Pivot Unary Logical Operator¶
Pivot
is an unary logical operator that represents pivot operator.
Creating Instance¶
Pivot
takes the following to be created:
- Grouping NamedExpressions
- Pivot Column Expression
- Pivot Value Expressions
- Aggregate Expressions
- Child LogicalPlan
Pivot
is created when:
AstBuilder
is requested to parse PIVOT clauseRelationalGroupedDataset
is requested to toDF (withPivotType
)
Analysis Phase¶
Pivot
is resolved to a Aggregate logical operator by ResolvePivot logical evaluation rule.
scala> :type spark
org.apache.spark.sql.SparkSession
import spark.sessionState.analyzer.ResolveAliases
// see q in the demo on this page
val plan = q.queryExecution.logical
scala> println(plan.numberedTreeString)
00 Pivot [city#8], year#9: int, [2015, 2016, 2017], [count(1) AS count#24L]

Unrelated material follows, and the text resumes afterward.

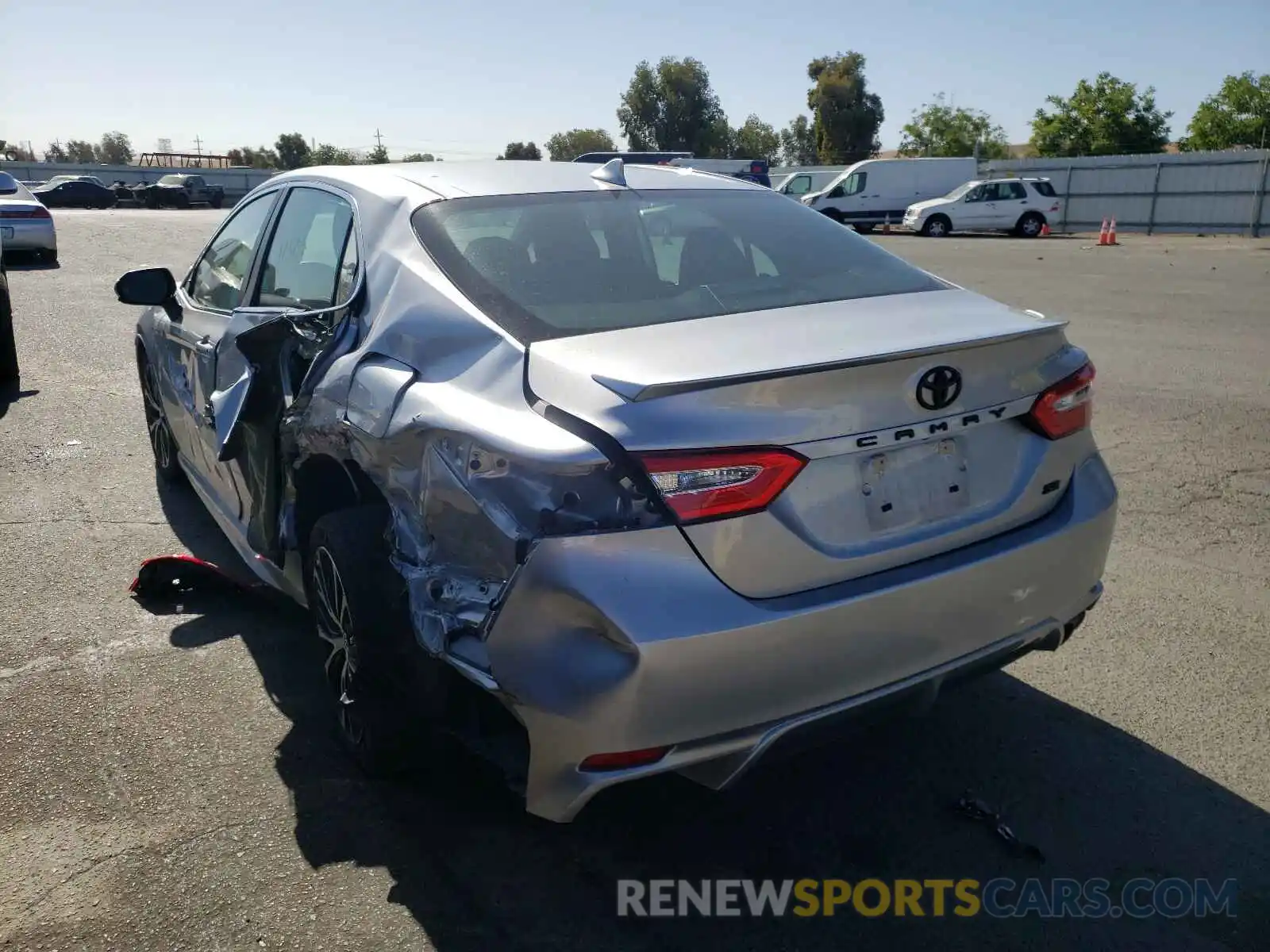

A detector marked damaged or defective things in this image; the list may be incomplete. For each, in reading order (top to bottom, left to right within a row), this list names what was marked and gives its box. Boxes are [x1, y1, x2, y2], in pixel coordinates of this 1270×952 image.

damaged door [174, 190, 281, 517]
damaged door [208, 183, 357, 562]
cracked bumper [483, 451, 1118, 819]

01 +- Project [_1#3 AS id#7, _2#4 AS city#8, _3#5 AS year#9]
02 +- LocalRelation [_1#3, _2#4, _3#5]
// FIXME Find a plan to show the effect of ResolveAliases
val planResolved = ResolveAliases(plan)
Pivot
operator "disappears" behind (i.e. is converted to) an Aggregate logical operator.
import spark.sessionState.analyzer.ResolvePivot
val planAfterResolvePivot = ResolvePivot(plan)
scala> println(planAfterResolvePivot.numberedTreeString)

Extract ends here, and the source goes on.